:: Assigned task ::
From the line that contains "Minecraft Steve plush toy 30cm" through the closing line of the entries, write out each line exactly; pictures stay out.

:: Exercise data ::
------------------------
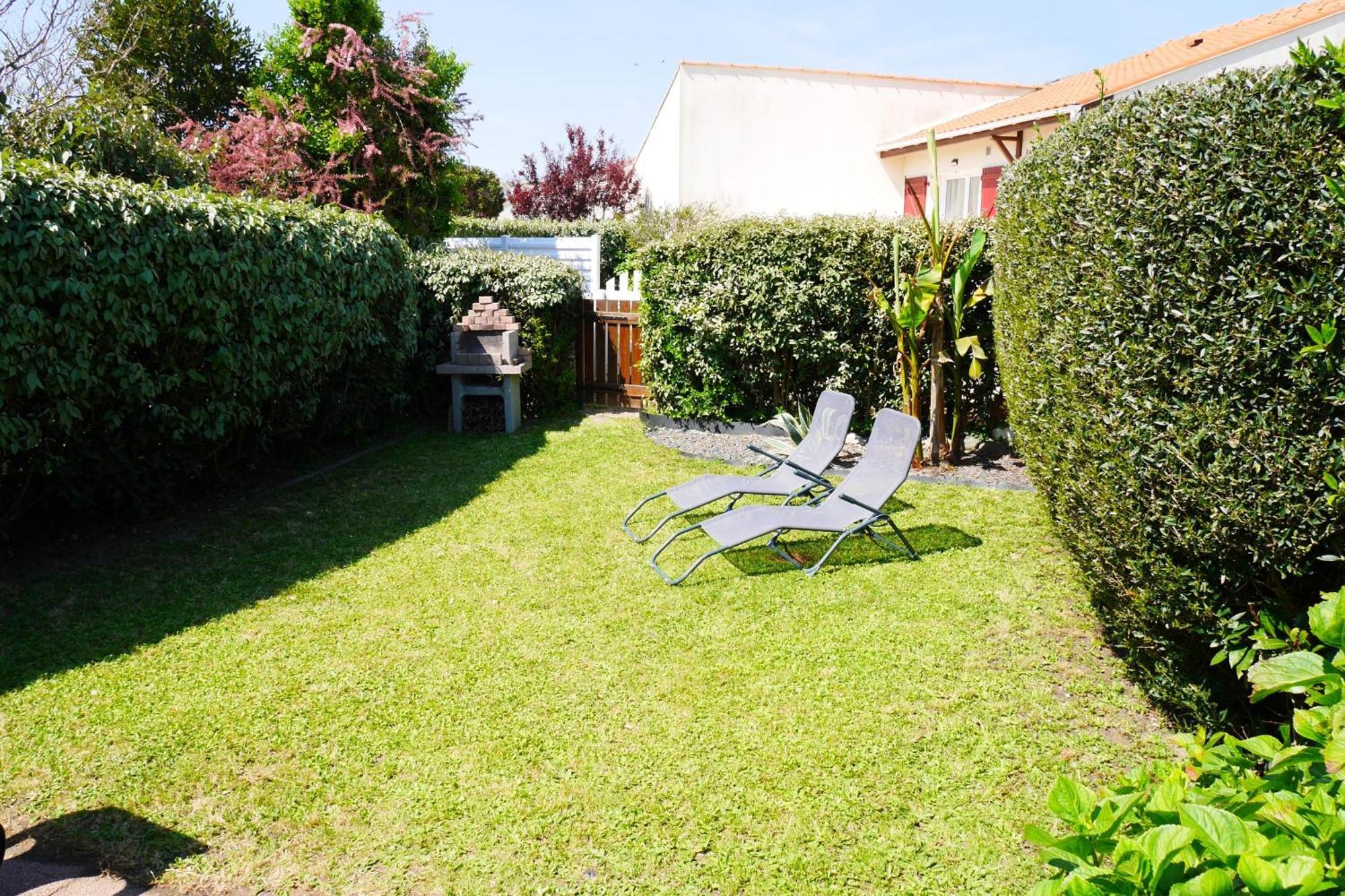 La Maison Mer - 200M De La Plage - Wifi La Bernerie-en-Retz Eksteriør bilde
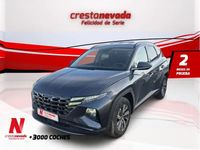 Usado Hyundai Tucson 116 CV (85 kW) 2024 SUV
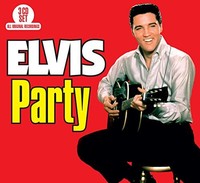 Elvis Presley - Elvis Party - Cd - G1398Z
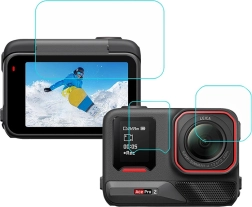 Zaščitna folija 3 v 1 za Insta360 Ace Pro 2 PULUZ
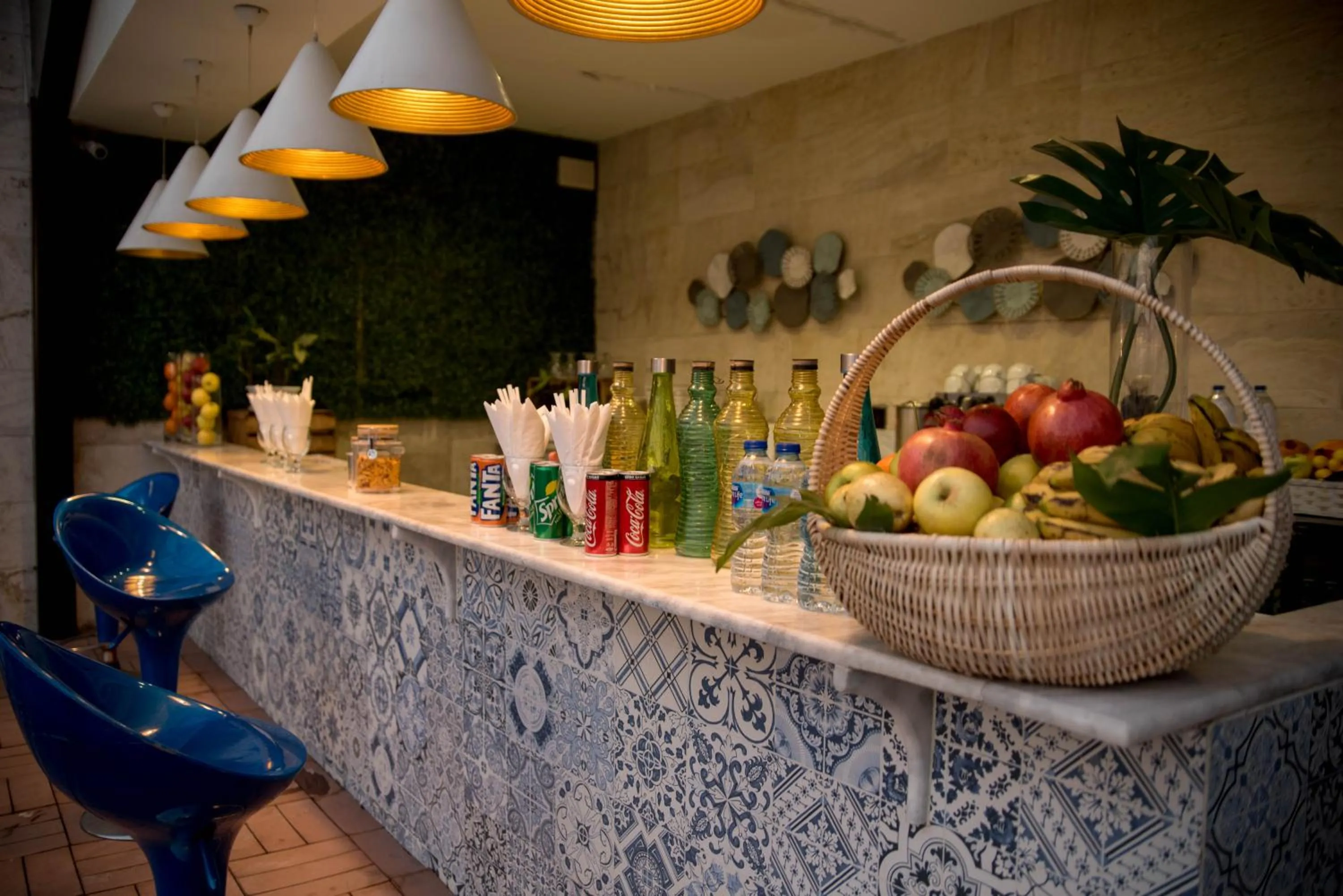 Swimming pool in HOTEL dGATES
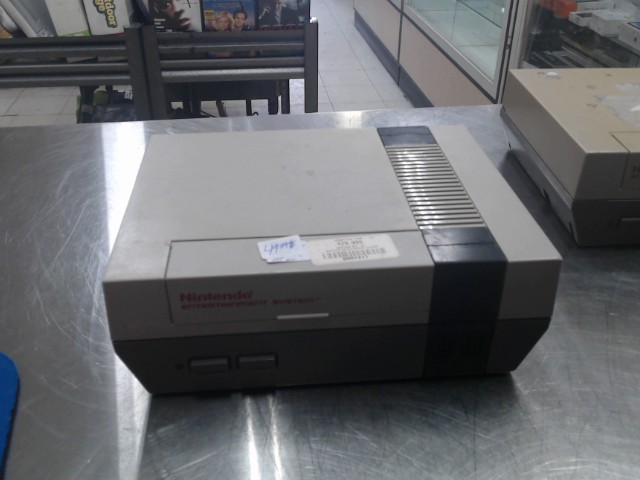 Nintendo entertainment system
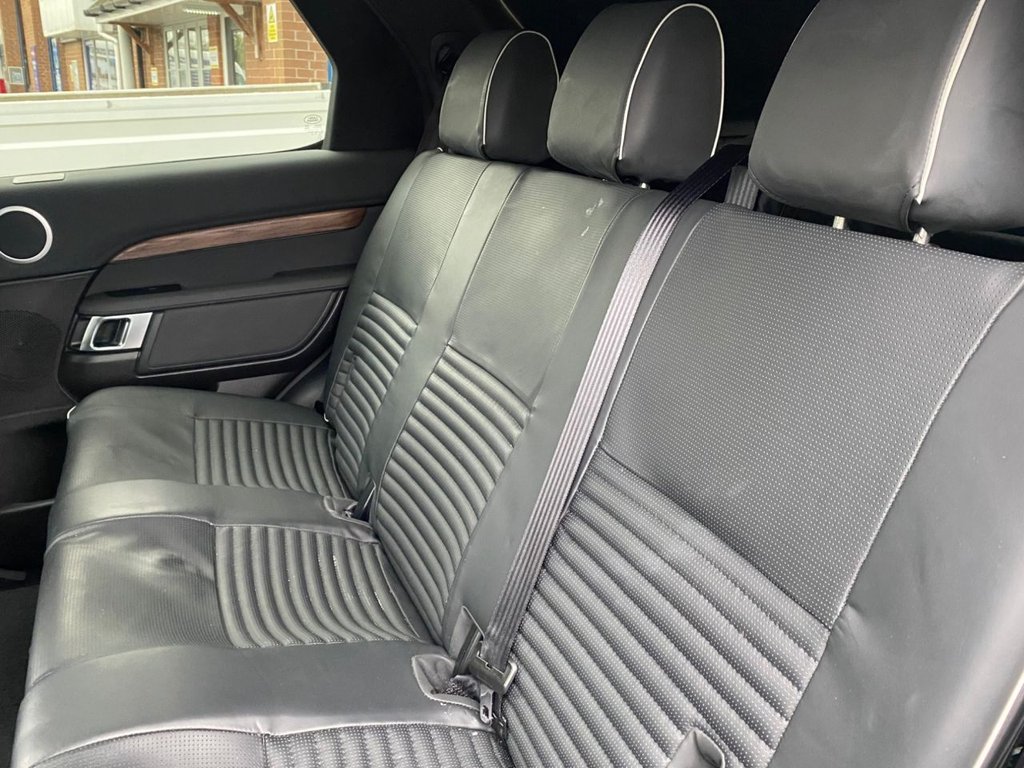 Used Land Rover Discovery 2018 for sale - 77719724: Photo 15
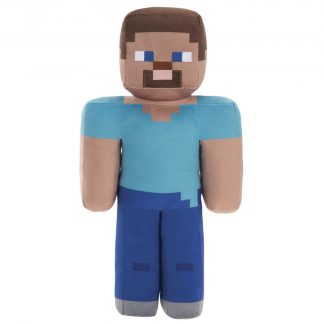 Minecraft Steve plush toy 30cm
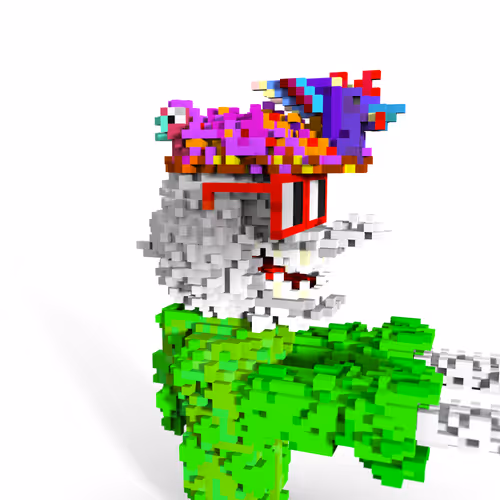 Voxel Mfers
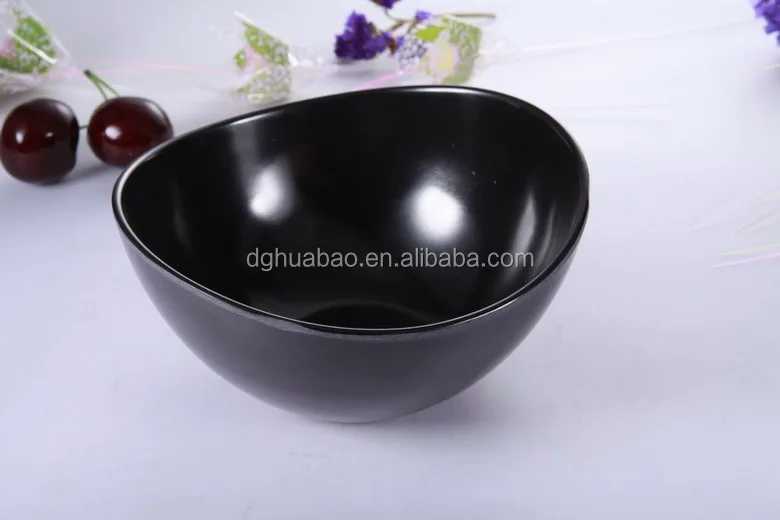 Japanese tableware /black Sushi dinner set/Japanese imitation porcelain glass  tableware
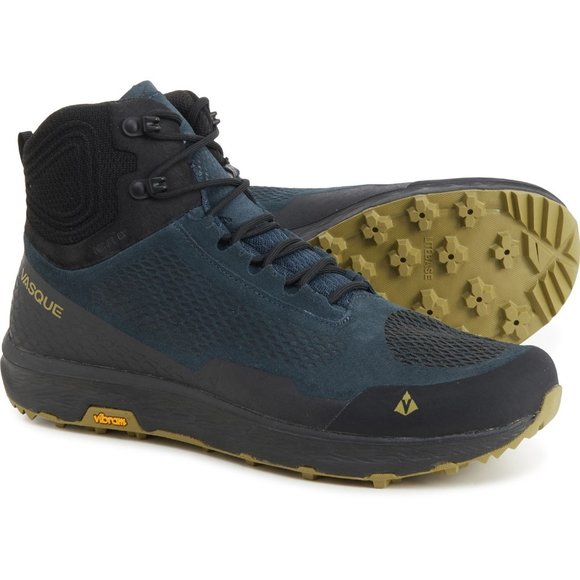 Vasque Other - Vasque Breeze LT NTX Mid Hiking Boots - Waterproof, Suede (For Men)  693S0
------------------------
:: Answer for the task ::
 Minecraft Steve plush toy 30cm
 Voxel Mfers
 Japanese tableware /black Sushi dinner set/Japanese imitation porcelain glass  tableware
 Vasque Other - Vasque Breeze LT NTX Mid Hiking Boots - Waterproof, Suede (For Men)  693S0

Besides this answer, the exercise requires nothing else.